EDITORIAL: Improve pay for support professionals
Pennsylvania law requires the state government to fund services for people with intellectual disabilities and autism, along with a moral obligation to help provide for some of its most vulnerable citizens.
It’s failing on both scores. At the same time that the state government has more than $5 billion in its Rainy Day Fund and an anticipated $6 billion surplus by the June 30 close of this fiscal year, more than 12,000 people languish on a waiting list for intellectual disability and autism services. More than 5,000 of those people qualify for what the state itself classifies as “emergency services.”
The Rainy Day Fund is meant to cover budget shortfalls, and it’s raining hard for intellectual disability and autism service providers.

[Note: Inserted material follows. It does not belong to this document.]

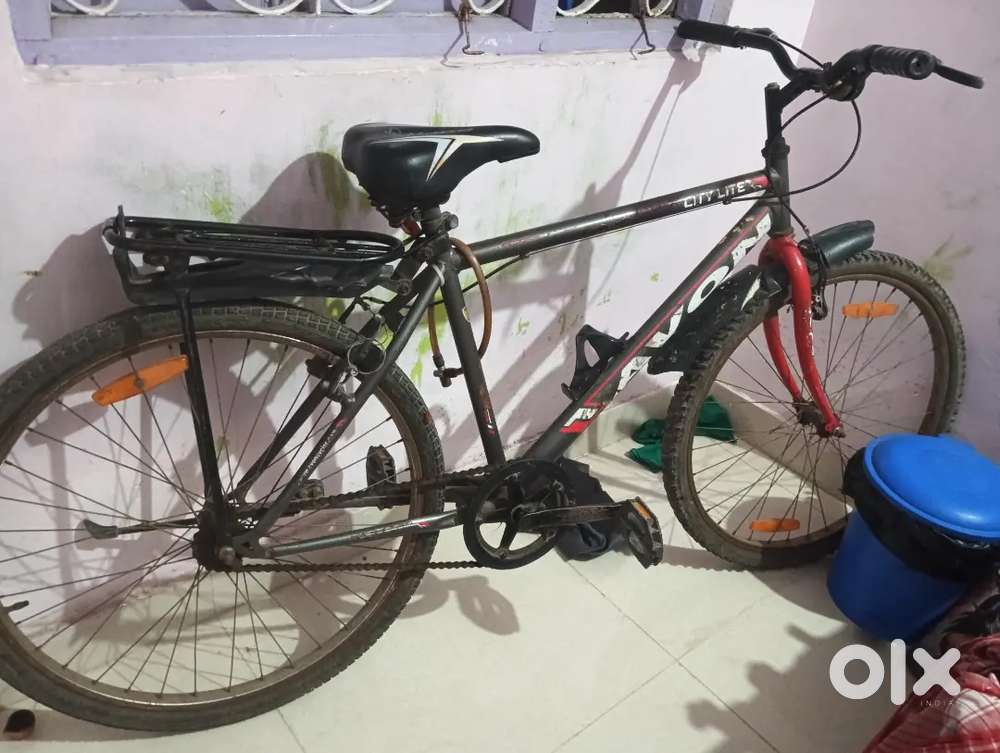 Avon cycle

Underlying the waiting list is a major shortfall in the number of direct support professionals who provide individual and group care for people with intellectual disabilities and autism. Statewide, according to the Provider Alliance that represents support agencies, the field has a 37% annual turnover rate, a current 24% vacancy rate and 15,000 open positions.
The jobs are emotionally and often physically demanding. But providers can’t compete for workers with market-based wages for health care because wage rates are tied to state reimbursements. The average pay for a direct support professional is $16.72 an hour, for which the state supplies $14.25.
That alone explains the turnover and vacancy rates. It takes an extraordinary level of commitment to remain in the direct support role when comparable or better pay readily is available for much less-demanding work.
The providers have asked the state to increase the appropriation for direct support professional wages by $430 million. With a match from the federal government, that would enable the providers to increase wages to about $20 an hour.
Some state lawmakers often complain about wasteful spending, but this is a case of their own wasteful hoarding. Rather than squirreling away taxpayers’ money, except for their own guaranteed annual pay increases that are tied to inflation, lawmakers should ensure that it is spent on crucial services that the government exists to provide.